--- Exercise instructions ---
Could you set down the records below exactly as they are, with no pictures?

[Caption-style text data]

------------------------------

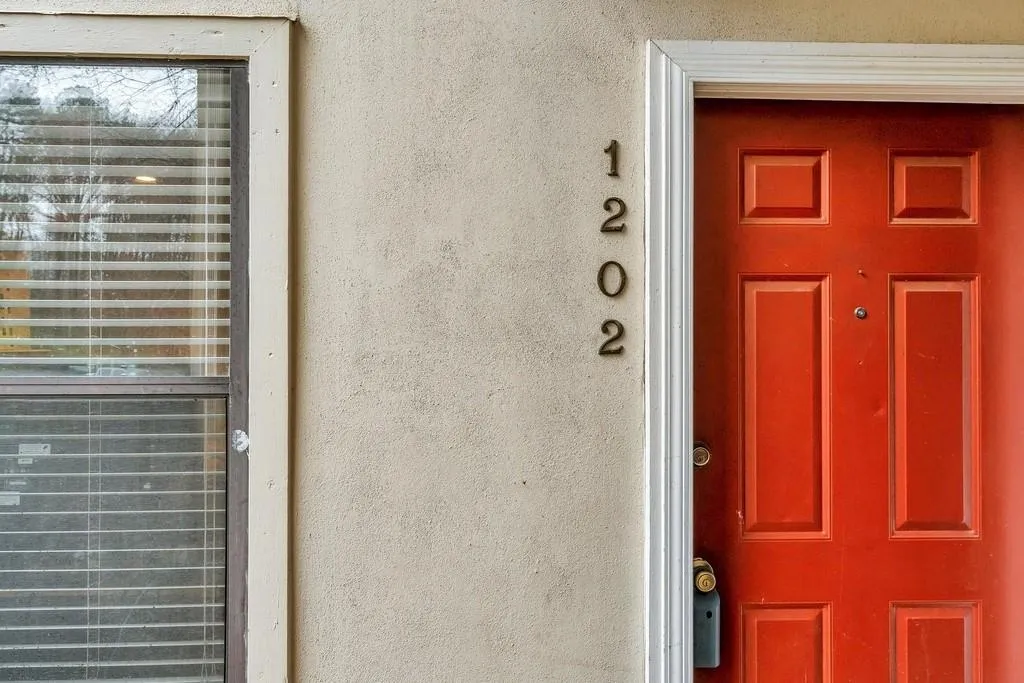 1202 Old Hammond Chase Ne Unit 1202, Sandy Springs, Georgia 30350, 3 Bedrooms Bedrooms, ,2 BathroomsBathrooms,Residential,Sold,1202 Old Hammond Chase Ne Unit 1202,6515922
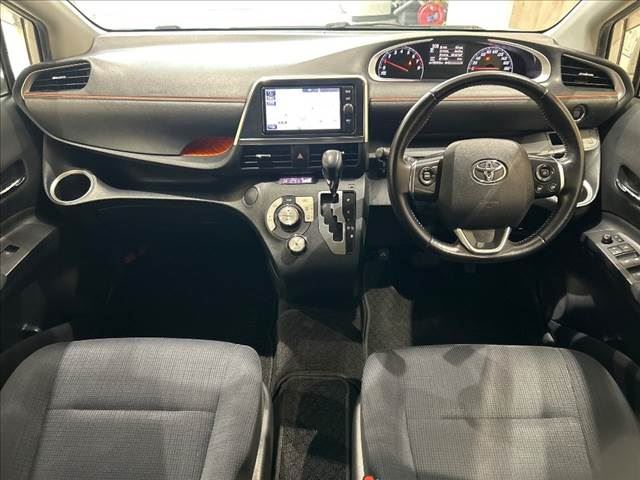 صورة 3 لـ 2016 Toyota SIENTA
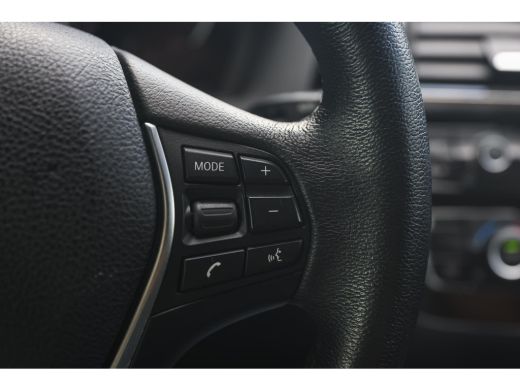 BMW 1 Serie 116i Sport Line / Sportstoelen / LED / Airconditioning / Cruise Control / PDC ActivLease financial lease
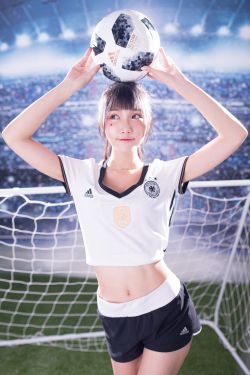 前曼城名将女友海伦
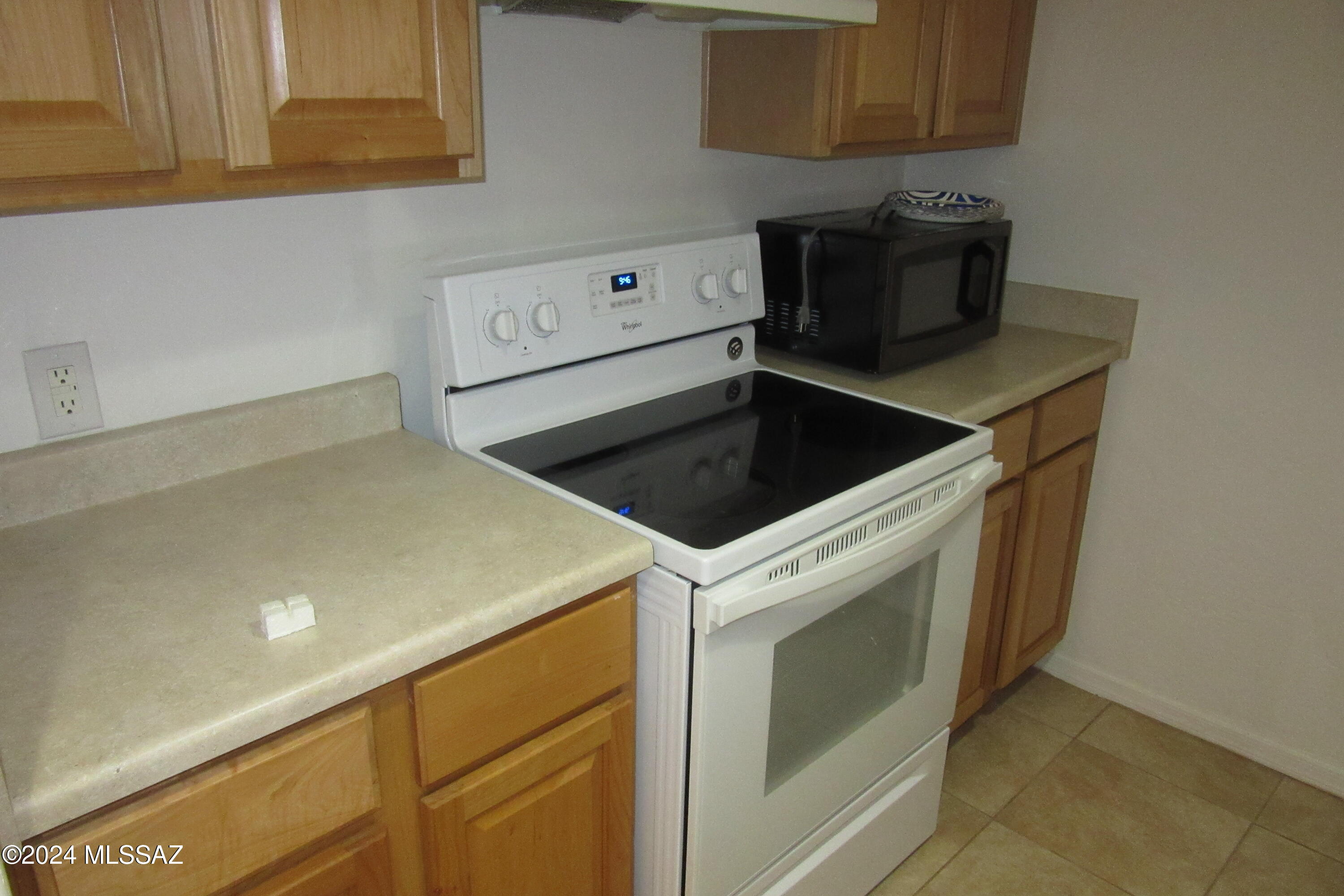 Sierra Madre Condos - Residential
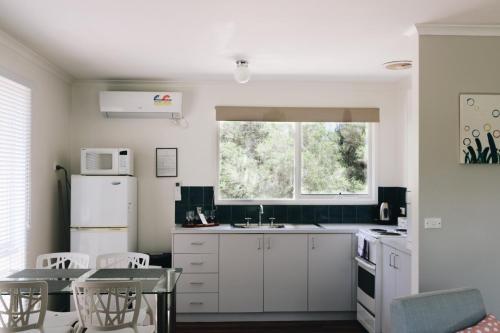 Bells Beach Cottages - Pet friendly cottage with wood heater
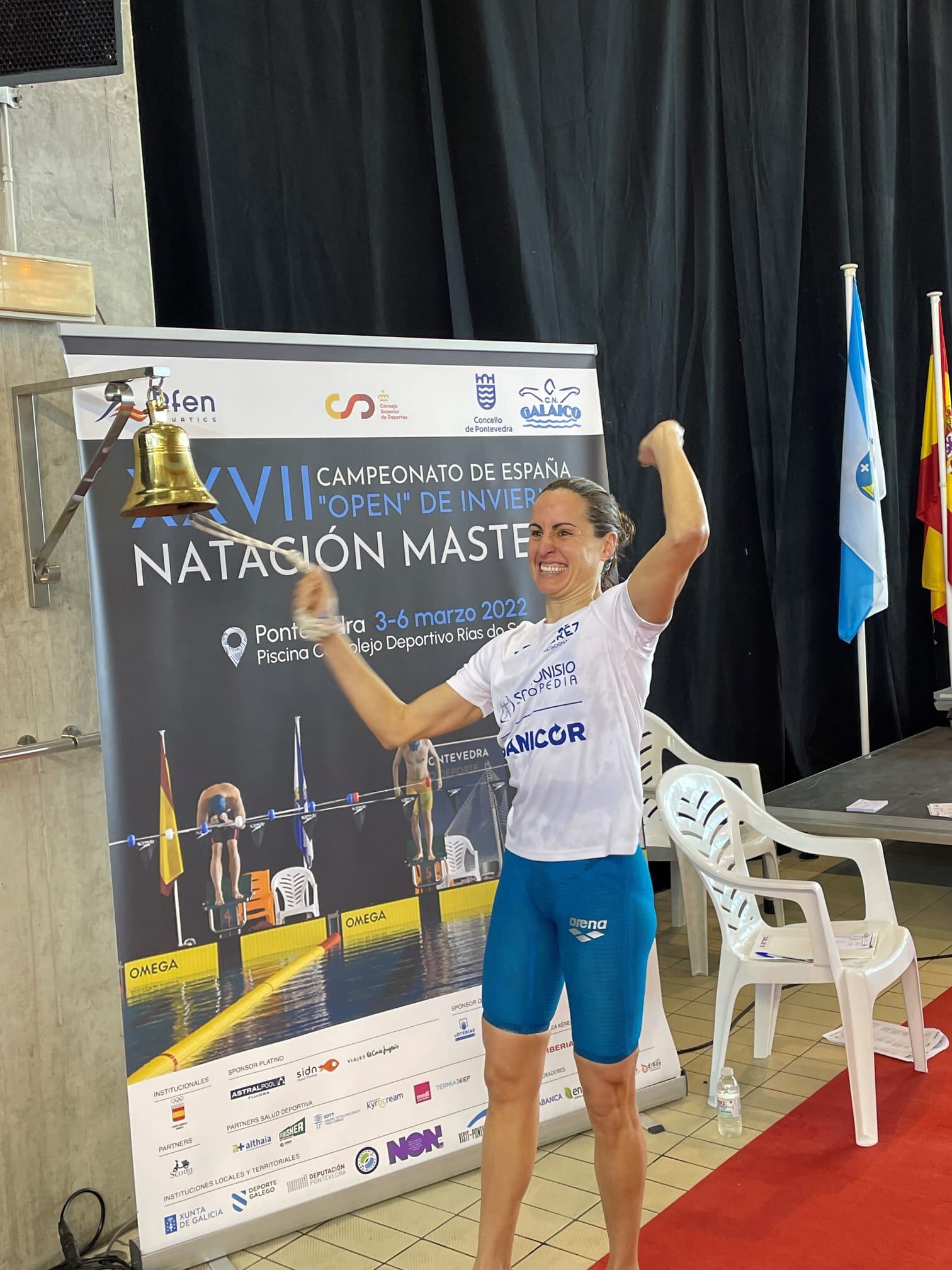 Lola Martínez celebra con rabia su tercer récord de España de los 4 que consiguió.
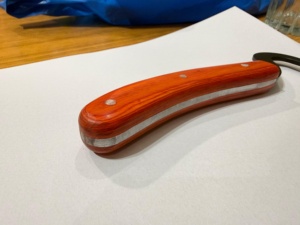 Cuchillo de Precisión para Pezuñas Equinas |   Cuchilla Negra Curva con Empuñadura de Madera Dura |   Suministros para Herradores - Product Image 5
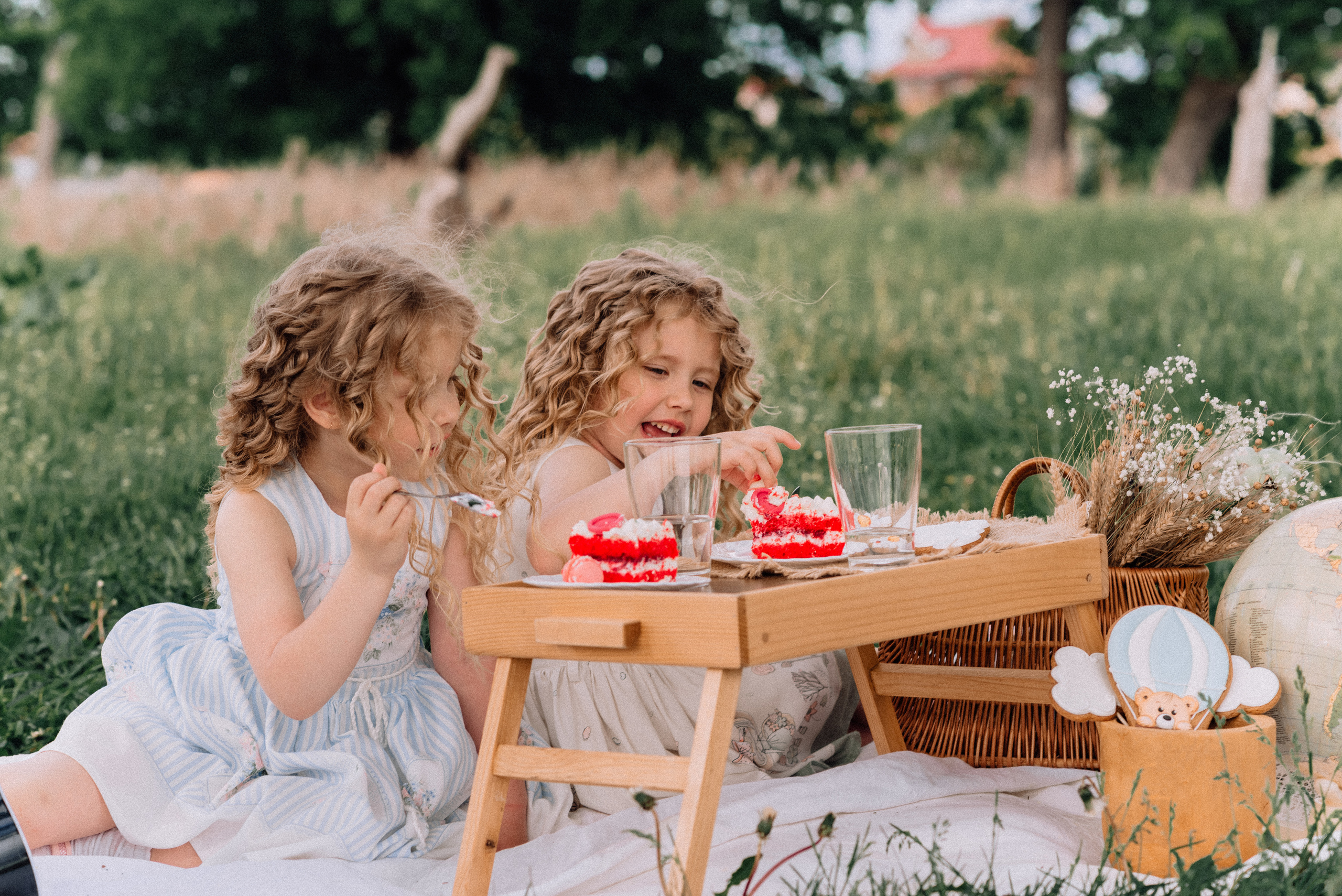 Полёт на воздушном шаре. Приключения Майи и Евы. Детский и семейный фотограф Катерина Мишина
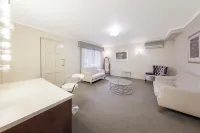 Elizabethan Lodge Hotels in Doncaster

------------------------------

--- Answer to the problem ---
 1202 Old Hammond Chase Ne Unit 1202, Sandy Springs, Georgia 30350, 3 Bedrooms Bedrooms, ,2 BathroomsBathrooms,Residential,Sold,1202 Old Hammond Chase Ne Unit 1202,6515922
 صورة 3 لـ 2016 Toyota SIENTA
 BMW 1 Serie 116i Sport Line / Sportstoelen / LED / Airconditioning / Cruise Control / PDC ActivLease financial lease
 前曼城名将女友海伦
 Sierra Madre Condos - Residential
 Bells Beach Cottages - Pet friendly cottage with wood heater
 Lola Martínez celebra con rabia su tercer récord de España de los 4 que consiguió.
 Cuchillo de Precisión para Pezuñas Equinas |   Cuchilla Negra Curva con Empuñadura de Madera Dura |   Suministros para Herradores - Product Image 5
 Полёт на воздушном шаре. Приключения Майи и Евы. Детский и семейный фотограф Катерина Мишина
 Elizabethan Lodge Hotels in Doncaster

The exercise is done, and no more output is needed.